TASK DETAILS ::
From the first line to the last, restate the material word for word, omitting pictures.

MATERIAL PROVIDED ::
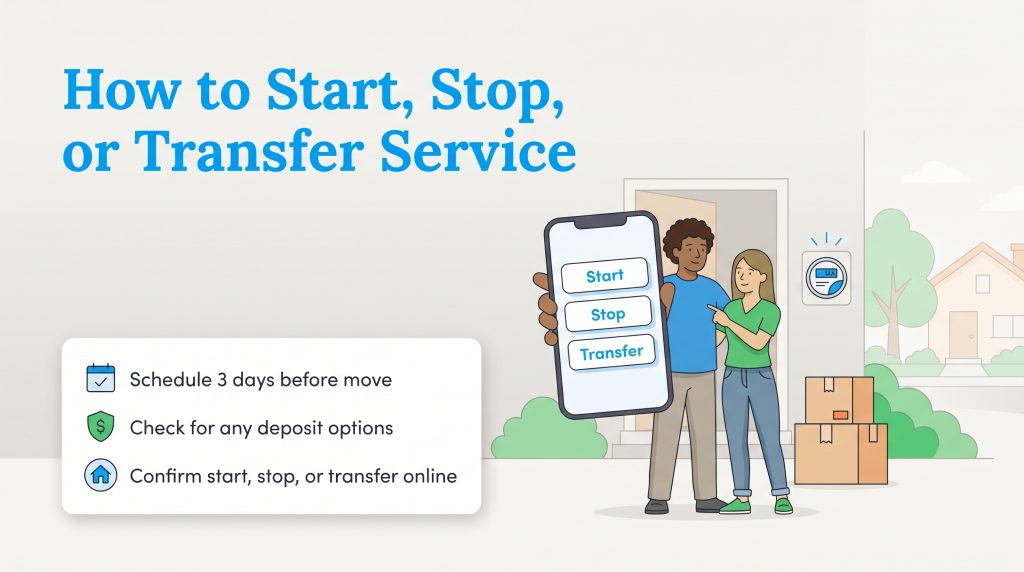 A couple with moving boxes holds a giant phone showing utility service options next to a checklist.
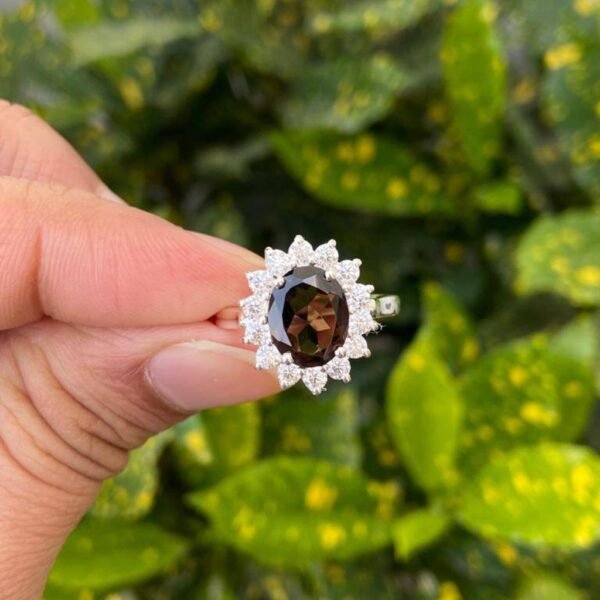 925 Silver Natural Smoky Quartz Ring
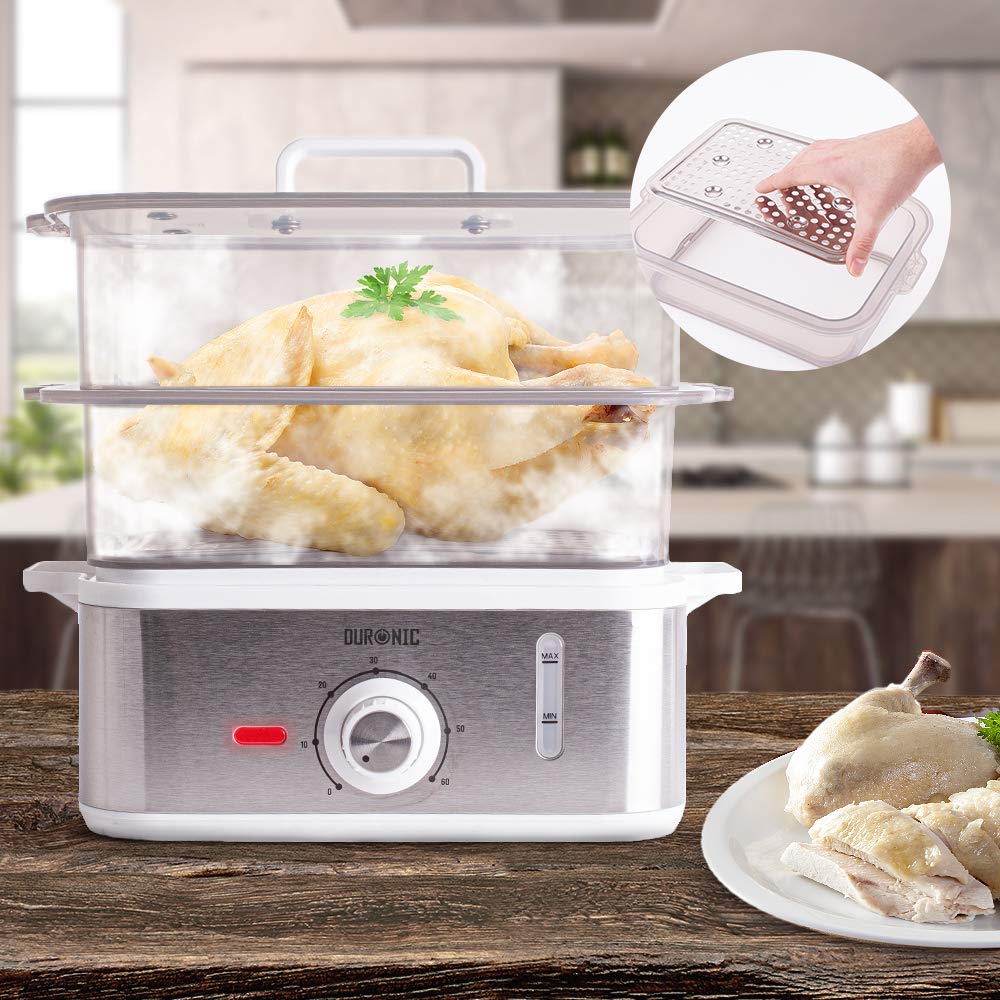 Duronic FS87 Vaporera eléctrica 870W | Minutero Temporizador | Capacidad de 10.6 litros y Bandeja antigoteo | Libre de BPA | Cocine verduras pescado arroz platos más sanos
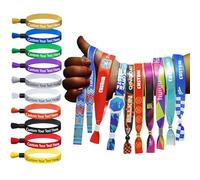 1/5/10/20/30/50/100/1000pcs Custom Cloth Wristbands, Personalised Text and Logo Events VIP Wristbands Colored Wrist Bands for Festival Gatherings Admission Party Concert Customiesd Fabric Wristband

RESULT ::
 A couple with moving boxes holds a giant phone showing utility service options next to a checklist.
 925 Silver Natural Smoky Quartz Ring
 Duronic FS87 Vaporera eléctrica 870W | Minutero Temporizador | Capacidad de 10.6 litros y Bandeja antigoteo | Libre de BPA | Cocine verduras pescado arroz platos más sanos
 1/5/10/20/30/50/100/1000pcs Custom Cloth Wristbands, Personalised Text and Logo Events VIP Wristbands Colored Wrist Bands for Festival Gatherings Admission Party Concert Customiesd Fabric Wristband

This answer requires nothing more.